モーツァルト・イン・ザ・ジャングル シーズン1 第2話より:

take the edge off
~を和らげる、(緊張感や感情を)穏やかにする


ロドリゴに演奏を認められ、NYフィルのオーボエ奏者の座を掴んだヘイリー。

ついに楽団員として初めての合同練習の日がやってくる。

彼女を楽団に誘ってくれたシンシアと共に練習場にやって来ると
裏方事務のディーディーが、
緊張しまくっているヘイリーに鎮静剤を薦めてくれる。

Oh, this is Hailey.
彼女はヘイリー。(シンシア)

It’s her first day.
今日が彼女の初日よ。(シンシア)

Wow. Congrats.
そりゃすごい。 おめでとう。(ディーディー)

Thank you.
ありがとう。(ヘイリー)

You seem a little stressed.
緊張しているようだね。(ディーディー)

Could I suggest a light beta blocker on the house?
軽いベータ遮断薬をあげようか?(ディーディー)

A little Inderal just to take the edge off?
少量で緊張が和らぐよ。(ディーディー)

No, I’m fine. Thank you.
いえ、大丈夫です。 ありがとう。(ヘイリー)


stress「(物理的な)圧力、(精神的な)重圧」。

このシーンの字幕では stress に「緊張」とあてられています。

「緊張」というと nervous がすぐに思い浮かびますが
nervous には「臆病な、くよくよと心配する、気の弱い(おどおどした)」など
若干ネガティブな意味合いもあり
この場面での「緊張」とはちょっと異なるニュアンスです。

また自分から I’m a little nervous と言うのはともかく
NYフィルの一員に選ばれた時点で、実力がないはずはなく
プロフェッショナルの演奏家のはずです。

そのプロに向かって「自信がなさそう、おどおどして見える」と他者が言うのは
やはりちょっと失礼な表現かと思いますので
その点も踏まえると、この場面で「緊張」を表すなら
やはり nervous よりも stress が適しているのでしょう。

beta blocker「ベータ遮断薬」。

調べてみると日本では主に血圧を下げる薬として知られ
興奮状態(高血圧状態)を作り出すベータ受容体の活動を抑える薬、ということなので
つまり興奮を抑える薬「鎮静剤」と思われます。

on the house「店のおごり」、ここでは「楽団のおごり」といった感じです。

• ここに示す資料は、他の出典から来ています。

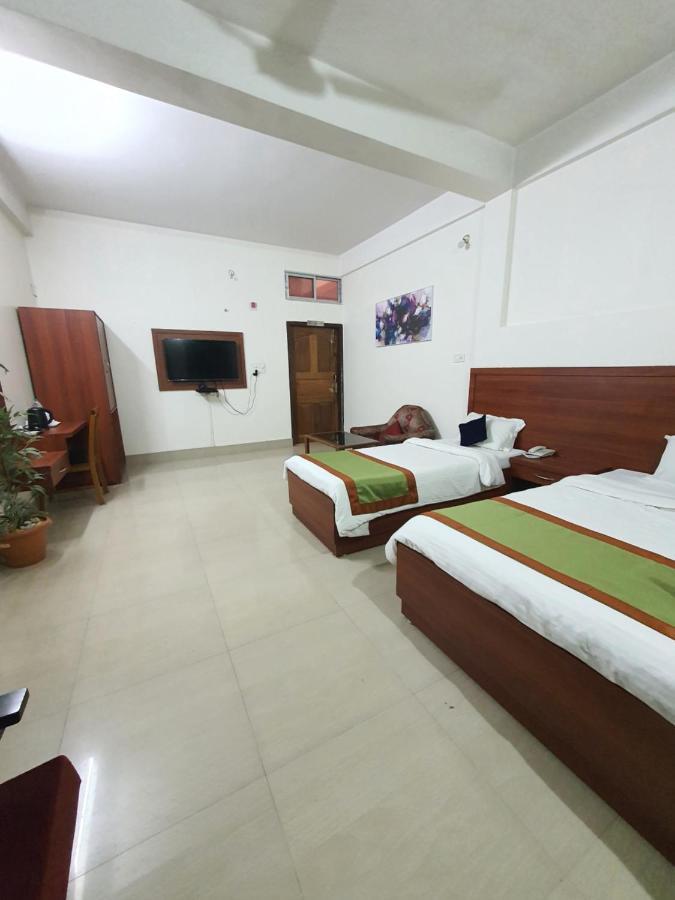 Hotel Deo Volente Sivasagar Exteriér fotografie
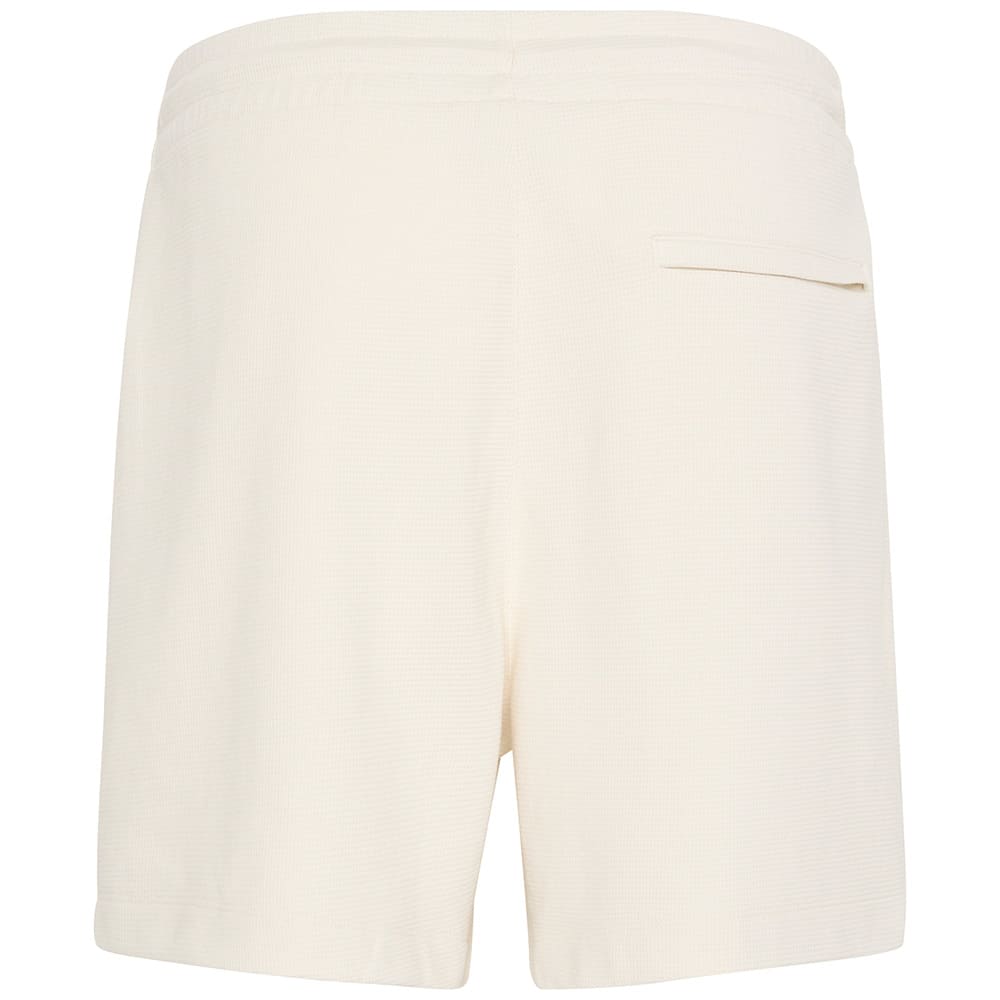 Calvin Klein Εκρού Αθλητική Βερμούδα - LV04RC248G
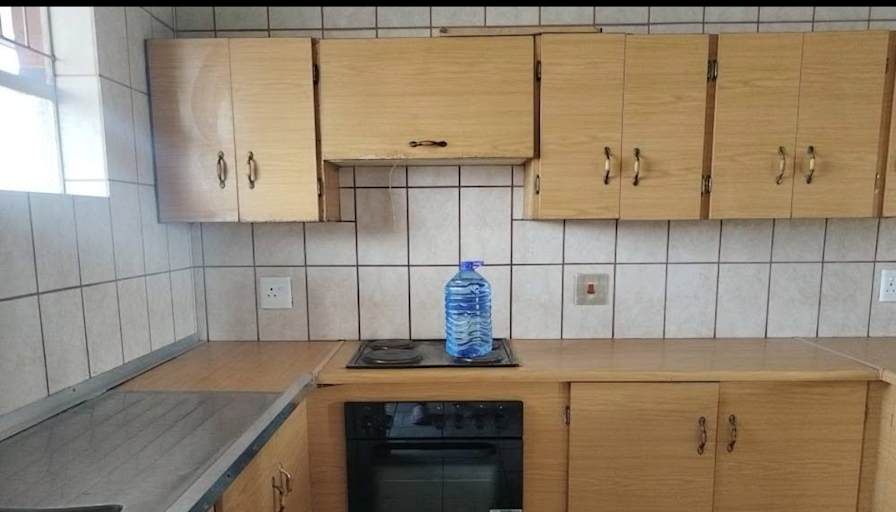 Luwanda Cokoto's room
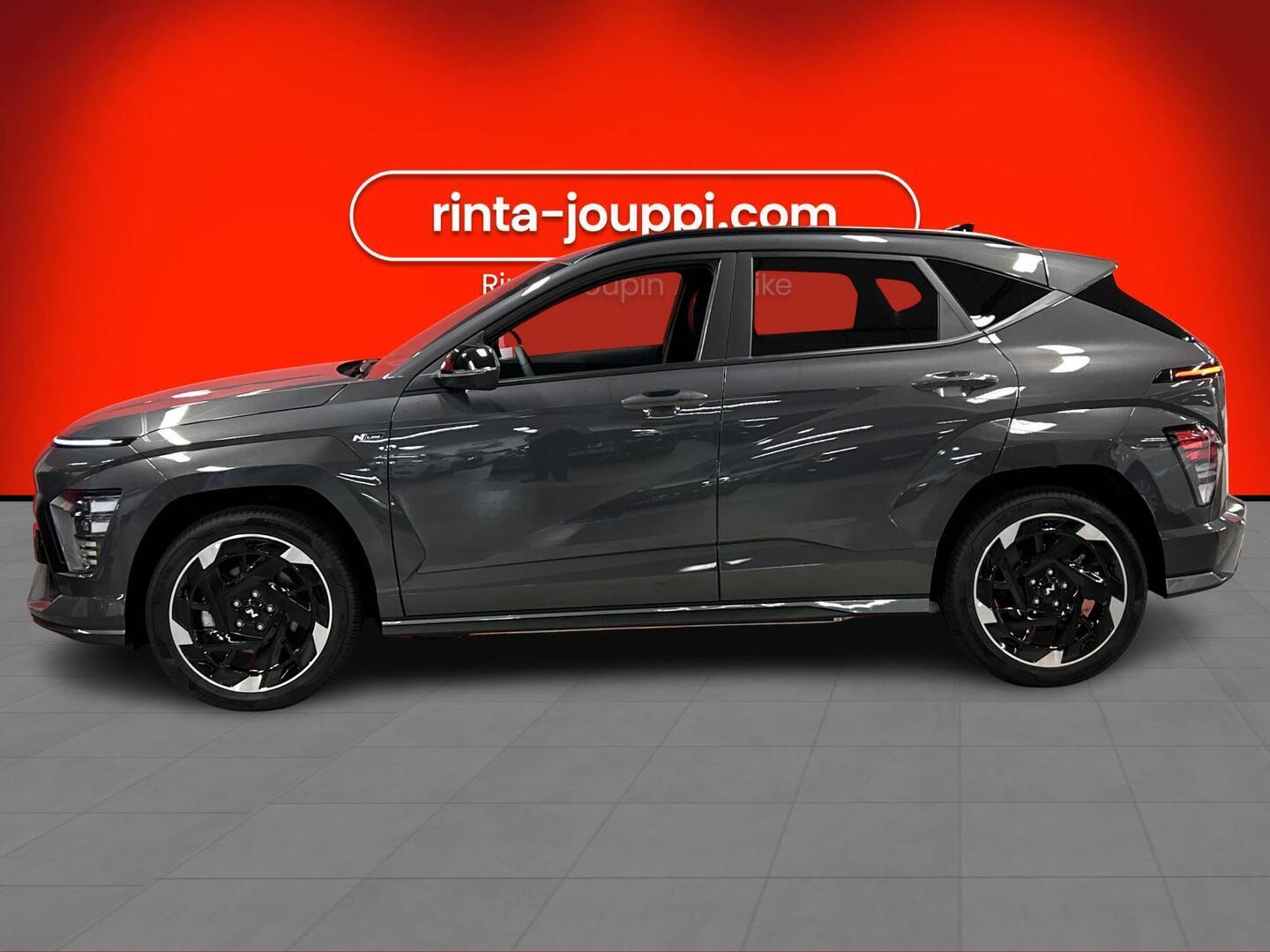 HYUNDAI KONA ELECTRIC 2025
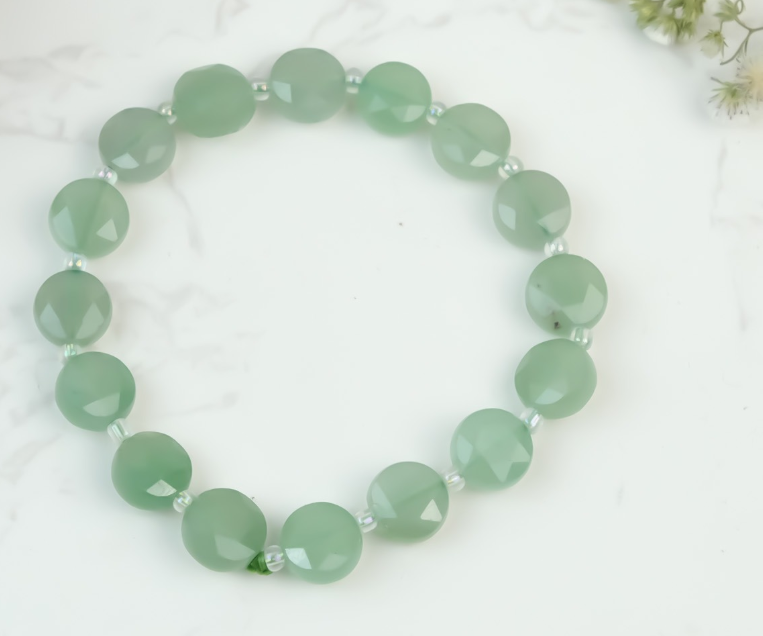 Green Aventurine Bracelet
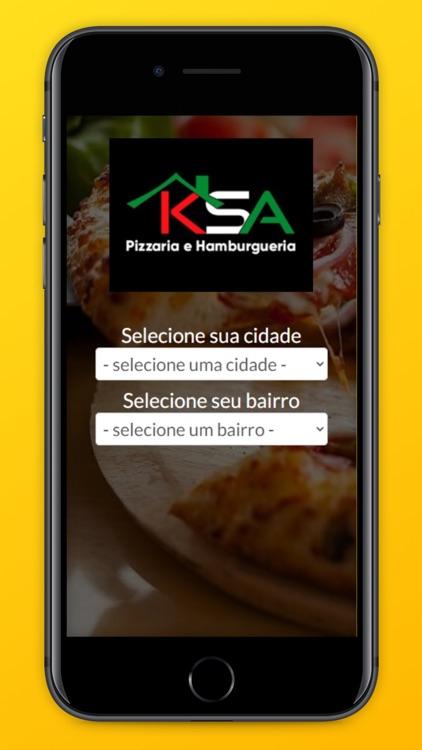 Ksa Da Pizza E Hamburgueria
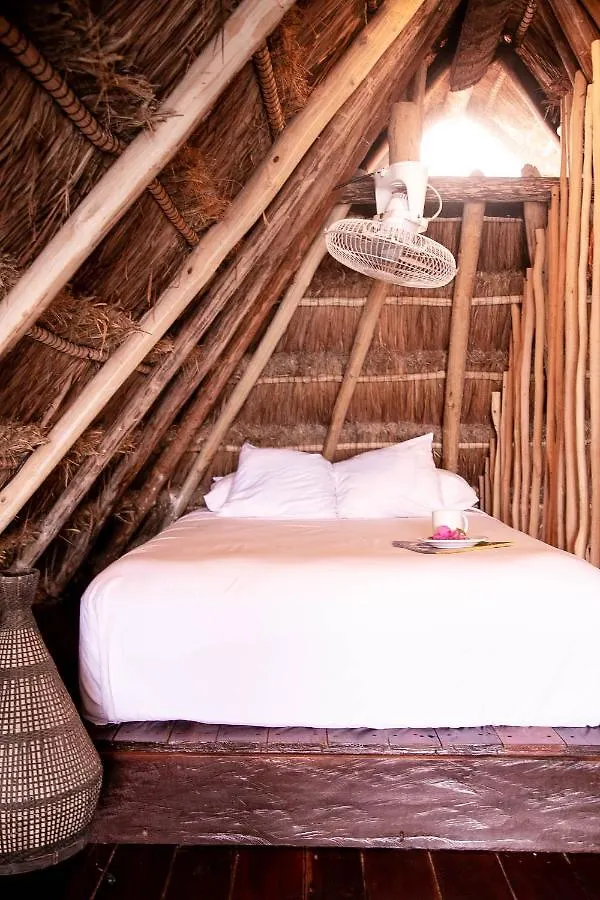 Cabanas La Eufemia Tulum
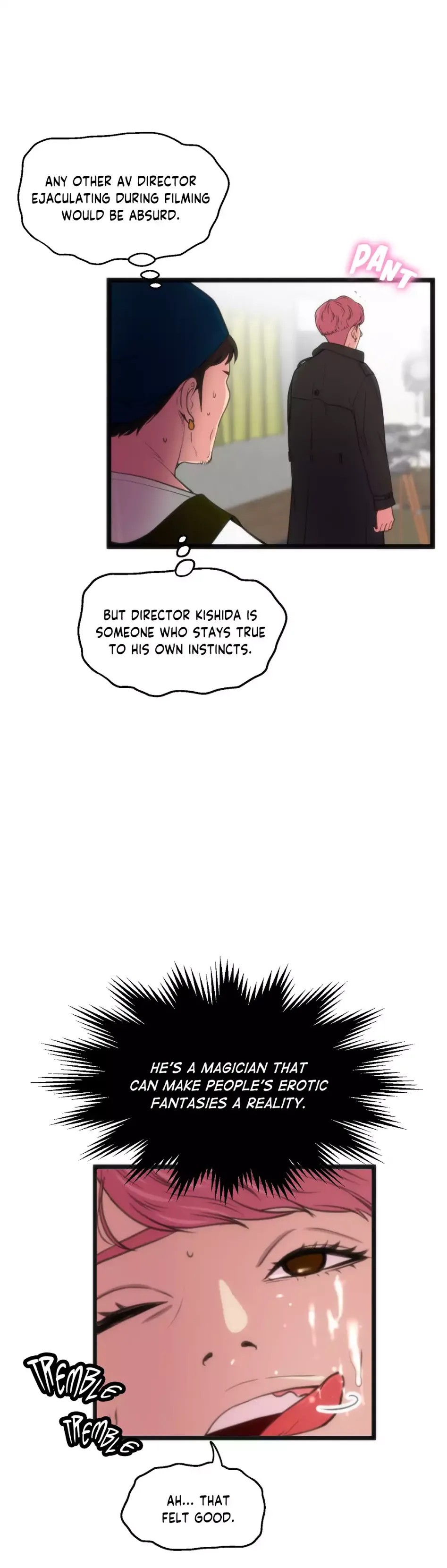 Making AV: A Sneak Peek Chapter 65 image 20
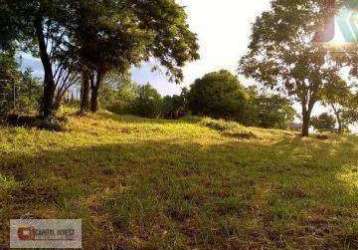 Terreno residencial à venda, capela santo antonio, jaguariúna.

Inderal「プロプラノロール(ベータ受容体の活動を抑える薬物)」。

そして take the edge off は「~を和らげる、(緊張感や感情を)穏やかにする」。

直訳すると「(刃物の)刃先・尖りを取り除く、刃をなまらせる」という事で
イライラや興奮を鋭い刃先と見立て、それを取り除く
=「~を和らげる、(緊張感や感情を)穏やかにする」となります。

ドラマを見ていると、お酒を飲む口実として頻繁に出て来る表現で
to take the edge off(イライラ、むしゃくしゃした気分を変えるために)
バーに行ったとか、深酒をした、なんていうセリフがよくあります。